In 1904 Macdonald left academia to join the civil service as Assistant Secretary to the Scottish Education Directorates, being promoted to Secretary in 1922. He is "best remembered for establishing the Leaving Certificate Examination and for introducing the first superannuation scheme for teachers in Scotland".

He retired in 1928.

He married Margaret Tannahill Younger (1857-1951) in 1897. They had three children; George Henry Macdonald who died in infancy (1899-1899), Isobel Margaret Macdonald (1900-1927) and James Younger Macdonald (1902-1960).

Macdonald died in Edinburgh on 9 August 1940, and is buried in the 20th-century extension to Dean Cemetery on Queensferry Road in western Edinburgh with his family.

He bequeathed around two hundred books on classical archaeology to the library at Edinburgh University.

==Awards and positions==

From 1892-1904 Macdonald catalogued the collection of Greek coins in the Hunterian Museum and Art Gallery, Glasgow, and as a result was made Honorary Curator for life in 1905. This also led to him being awarded the prix Allier de Hauteroche in (1907).

From 1921-26 he was president of the Society for the Promotion of Roman Studies, and from 1935-36 the president of the Royal Numismatic Society. From 1927-30 he was appointed to the Royal Commission on National Museums and Galleries, and then the Standing Commission which followed it. He was chair of the Royal Commission on the Ancient and Historical Monuments of Scotland from 1934 until his death. From 1933-40 he served as President of the Society of Antiquaries of Scotland.

Macdonald was awarded the medal of the Royal Numismatic Society in 1913.

He received honorary doctorates from Oxford University, the University of Cambridge, the University of Glasgow and Edinburgh University.

He was made a Knight Commander of the Order of the Bath (KCB) by King George V in 1927.

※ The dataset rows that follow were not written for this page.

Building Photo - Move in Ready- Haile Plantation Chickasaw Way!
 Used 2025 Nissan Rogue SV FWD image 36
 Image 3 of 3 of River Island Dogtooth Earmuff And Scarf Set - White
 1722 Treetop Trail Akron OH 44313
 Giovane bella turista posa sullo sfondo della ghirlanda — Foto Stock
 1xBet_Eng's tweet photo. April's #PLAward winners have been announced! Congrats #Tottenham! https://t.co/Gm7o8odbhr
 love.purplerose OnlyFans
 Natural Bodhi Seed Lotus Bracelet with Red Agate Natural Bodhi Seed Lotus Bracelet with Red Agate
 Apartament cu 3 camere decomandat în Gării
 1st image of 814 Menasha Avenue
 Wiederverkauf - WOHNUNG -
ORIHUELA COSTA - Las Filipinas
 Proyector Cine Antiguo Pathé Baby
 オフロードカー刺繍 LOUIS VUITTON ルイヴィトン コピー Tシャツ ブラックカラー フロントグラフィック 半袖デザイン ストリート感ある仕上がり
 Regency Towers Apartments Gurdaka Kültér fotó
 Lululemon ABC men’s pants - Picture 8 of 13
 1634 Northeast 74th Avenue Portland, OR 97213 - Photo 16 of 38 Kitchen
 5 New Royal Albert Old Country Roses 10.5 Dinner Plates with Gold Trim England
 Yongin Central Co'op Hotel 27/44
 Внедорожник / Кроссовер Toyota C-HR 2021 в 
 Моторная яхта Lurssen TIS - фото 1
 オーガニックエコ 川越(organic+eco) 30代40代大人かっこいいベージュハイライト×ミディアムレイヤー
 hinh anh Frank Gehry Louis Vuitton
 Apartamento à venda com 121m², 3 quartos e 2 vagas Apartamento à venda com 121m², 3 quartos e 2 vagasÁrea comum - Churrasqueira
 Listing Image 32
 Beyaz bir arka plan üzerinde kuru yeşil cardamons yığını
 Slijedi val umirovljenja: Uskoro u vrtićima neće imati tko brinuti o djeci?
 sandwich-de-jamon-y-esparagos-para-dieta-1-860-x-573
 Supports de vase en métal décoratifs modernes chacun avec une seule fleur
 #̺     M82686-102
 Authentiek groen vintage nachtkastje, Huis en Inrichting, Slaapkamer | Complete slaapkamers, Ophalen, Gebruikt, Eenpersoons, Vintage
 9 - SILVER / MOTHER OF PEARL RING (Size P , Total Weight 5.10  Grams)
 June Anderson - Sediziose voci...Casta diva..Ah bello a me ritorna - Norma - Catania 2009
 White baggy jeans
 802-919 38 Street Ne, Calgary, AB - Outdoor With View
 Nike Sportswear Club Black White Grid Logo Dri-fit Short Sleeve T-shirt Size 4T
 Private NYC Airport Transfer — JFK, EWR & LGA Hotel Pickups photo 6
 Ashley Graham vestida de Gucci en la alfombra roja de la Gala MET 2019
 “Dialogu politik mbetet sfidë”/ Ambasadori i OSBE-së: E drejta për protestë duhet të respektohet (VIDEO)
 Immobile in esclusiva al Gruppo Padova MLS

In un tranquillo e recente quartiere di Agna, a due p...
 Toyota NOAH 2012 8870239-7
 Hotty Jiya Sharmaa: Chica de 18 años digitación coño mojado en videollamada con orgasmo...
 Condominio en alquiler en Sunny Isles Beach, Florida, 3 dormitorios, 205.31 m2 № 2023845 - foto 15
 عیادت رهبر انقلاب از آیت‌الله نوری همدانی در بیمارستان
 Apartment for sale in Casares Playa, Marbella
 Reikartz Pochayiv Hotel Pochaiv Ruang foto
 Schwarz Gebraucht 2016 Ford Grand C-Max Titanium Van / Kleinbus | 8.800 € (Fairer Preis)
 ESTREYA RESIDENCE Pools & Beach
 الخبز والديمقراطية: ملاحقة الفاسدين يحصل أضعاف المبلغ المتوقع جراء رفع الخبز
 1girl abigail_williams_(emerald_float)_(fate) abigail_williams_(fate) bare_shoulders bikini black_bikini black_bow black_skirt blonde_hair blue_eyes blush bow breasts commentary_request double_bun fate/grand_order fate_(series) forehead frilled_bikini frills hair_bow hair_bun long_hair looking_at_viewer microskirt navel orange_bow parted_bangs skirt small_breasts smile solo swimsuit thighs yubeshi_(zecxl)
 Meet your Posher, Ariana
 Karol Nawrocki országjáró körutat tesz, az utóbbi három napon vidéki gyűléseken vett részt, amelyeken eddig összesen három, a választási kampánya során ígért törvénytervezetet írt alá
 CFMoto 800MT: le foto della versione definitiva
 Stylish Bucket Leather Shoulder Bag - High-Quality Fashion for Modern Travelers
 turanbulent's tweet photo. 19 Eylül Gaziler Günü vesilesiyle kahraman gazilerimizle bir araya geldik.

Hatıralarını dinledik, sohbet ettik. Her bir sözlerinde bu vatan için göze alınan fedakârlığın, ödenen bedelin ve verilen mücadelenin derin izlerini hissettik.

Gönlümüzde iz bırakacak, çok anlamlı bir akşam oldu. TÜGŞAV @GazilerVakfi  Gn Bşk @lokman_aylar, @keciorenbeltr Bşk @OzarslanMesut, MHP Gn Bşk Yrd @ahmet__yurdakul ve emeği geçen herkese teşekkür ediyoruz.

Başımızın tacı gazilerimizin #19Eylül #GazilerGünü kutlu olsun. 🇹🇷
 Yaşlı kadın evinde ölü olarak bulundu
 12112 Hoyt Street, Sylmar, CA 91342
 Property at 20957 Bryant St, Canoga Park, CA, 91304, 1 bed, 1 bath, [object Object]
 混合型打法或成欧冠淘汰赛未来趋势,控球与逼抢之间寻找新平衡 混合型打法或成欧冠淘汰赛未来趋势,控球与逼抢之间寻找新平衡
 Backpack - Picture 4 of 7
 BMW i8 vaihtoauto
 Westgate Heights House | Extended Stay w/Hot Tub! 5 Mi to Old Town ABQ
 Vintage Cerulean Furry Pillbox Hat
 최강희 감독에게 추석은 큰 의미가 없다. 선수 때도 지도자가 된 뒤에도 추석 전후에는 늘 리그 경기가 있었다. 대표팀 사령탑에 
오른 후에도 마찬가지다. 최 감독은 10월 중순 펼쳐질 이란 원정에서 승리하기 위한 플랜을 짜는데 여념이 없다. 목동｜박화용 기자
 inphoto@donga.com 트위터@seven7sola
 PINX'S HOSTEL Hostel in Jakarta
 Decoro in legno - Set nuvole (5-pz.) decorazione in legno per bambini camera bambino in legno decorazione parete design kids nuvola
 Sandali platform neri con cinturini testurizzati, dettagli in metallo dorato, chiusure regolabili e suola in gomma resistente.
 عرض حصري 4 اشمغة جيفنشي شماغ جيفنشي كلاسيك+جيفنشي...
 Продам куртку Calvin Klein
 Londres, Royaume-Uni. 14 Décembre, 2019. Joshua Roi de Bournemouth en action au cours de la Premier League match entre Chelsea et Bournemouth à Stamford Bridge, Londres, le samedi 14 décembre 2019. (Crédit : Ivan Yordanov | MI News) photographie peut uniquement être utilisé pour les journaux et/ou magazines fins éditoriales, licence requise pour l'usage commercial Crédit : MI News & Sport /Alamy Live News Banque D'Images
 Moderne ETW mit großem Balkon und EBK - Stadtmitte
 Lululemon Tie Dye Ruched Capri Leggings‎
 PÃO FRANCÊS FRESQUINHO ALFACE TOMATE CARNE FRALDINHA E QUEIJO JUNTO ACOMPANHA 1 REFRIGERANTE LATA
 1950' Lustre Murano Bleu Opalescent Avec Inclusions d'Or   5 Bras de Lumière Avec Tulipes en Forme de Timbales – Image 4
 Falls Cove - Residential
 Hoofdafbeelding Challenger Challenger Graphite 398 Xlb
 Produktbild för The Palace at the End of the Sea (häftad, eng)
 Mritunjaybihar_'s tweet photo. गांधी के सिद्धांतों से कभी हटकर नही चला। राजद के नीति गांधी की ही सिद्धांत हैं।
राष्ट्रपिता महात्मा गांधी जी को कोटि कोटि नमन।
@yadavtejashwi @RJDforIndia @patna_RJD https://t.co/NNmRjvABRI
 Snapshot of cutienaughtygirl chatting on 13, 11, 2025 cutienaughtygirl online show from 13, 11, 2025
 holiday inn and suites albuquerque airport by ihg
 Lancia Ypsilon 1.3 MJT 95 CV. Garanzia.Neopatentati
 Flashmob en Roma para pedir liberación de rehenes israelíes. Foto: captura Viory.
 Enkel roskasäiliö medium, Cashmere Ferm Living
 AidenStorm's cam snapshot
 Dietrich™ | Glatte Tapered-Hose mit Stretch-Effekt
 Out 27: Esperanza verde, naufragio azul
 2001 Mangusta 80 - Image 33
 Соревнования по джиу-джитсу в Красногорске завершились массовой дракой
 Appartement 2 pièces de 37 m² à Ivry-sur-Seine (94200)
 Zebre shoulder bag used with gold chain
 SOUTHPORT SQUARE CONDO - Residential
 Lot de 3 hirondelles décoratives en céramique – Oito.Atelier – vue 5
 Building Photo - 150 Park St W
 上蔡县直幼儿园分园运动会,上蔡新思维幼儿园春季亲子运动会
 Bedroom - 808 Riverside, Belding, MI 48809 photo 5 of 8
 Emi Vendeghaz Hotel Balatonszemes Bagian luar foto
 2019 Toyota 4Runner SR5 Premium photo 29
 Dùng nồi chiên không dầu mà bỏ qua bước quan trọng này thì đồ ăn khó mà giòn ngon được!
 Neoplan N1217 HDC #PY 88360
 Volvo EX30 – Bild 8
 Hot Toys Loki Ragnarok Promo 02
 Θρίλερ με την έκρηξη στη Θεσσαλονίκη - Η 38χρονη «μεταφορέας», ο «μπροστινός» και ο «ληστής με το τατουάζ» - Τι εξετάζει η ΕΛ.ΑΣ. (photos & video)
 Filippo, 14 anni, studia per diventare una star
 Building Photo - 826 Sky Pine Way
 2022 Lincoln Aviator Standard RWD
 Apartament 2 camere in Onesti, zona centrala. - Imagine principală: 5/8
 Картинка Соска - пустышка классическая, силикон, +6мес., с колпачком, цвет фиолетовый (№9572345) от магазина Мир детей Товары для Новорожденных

In 1932 a volume of the Journal of Roman Studies (22) was issued in his honour.

==Portraits==
- Sir George Macdonald, 1862-1940. Archaeologist, by Maurice Greiffenhagen
- Sir George Macdonald, 1917, by Walter Stoneman

==Publications==
- Catalogue of Greek Coins in the Hunterian Collection, University of Glasgow, 3 vols (Glasgow, 1899-1905)
- Coin Types: Their Origin and Development (the Rhind Lectures of 1904) (Glasgow, 1905).
- The Roman Forts on the Bar Hill, Dumbartonshire (Glasgow, 1906), with Alexander Park.
- The Roman Wall in Scotland (the Dalrymple Lectures of 1910) (1911), revised and republished in 1934
- "The building of the Antonine Wall: a fresh study of the inscriptions". Journal of Roman Studies (1921) 11:1–24.
- "Ancient Persian Coins in India", "Ancient Greek Coins in India" and "The Hellenic Kingdoms of Syria, Bactria and Parthia", in The Cambridge Ancient History of India, vol. 1 (1922), pp. 342–4, 386-90, 427-66.
- The Roman Occupation of Britain (the Ford Lectures delivered by Francis Haverfield and revised by Macdonald) (Oxford 1924).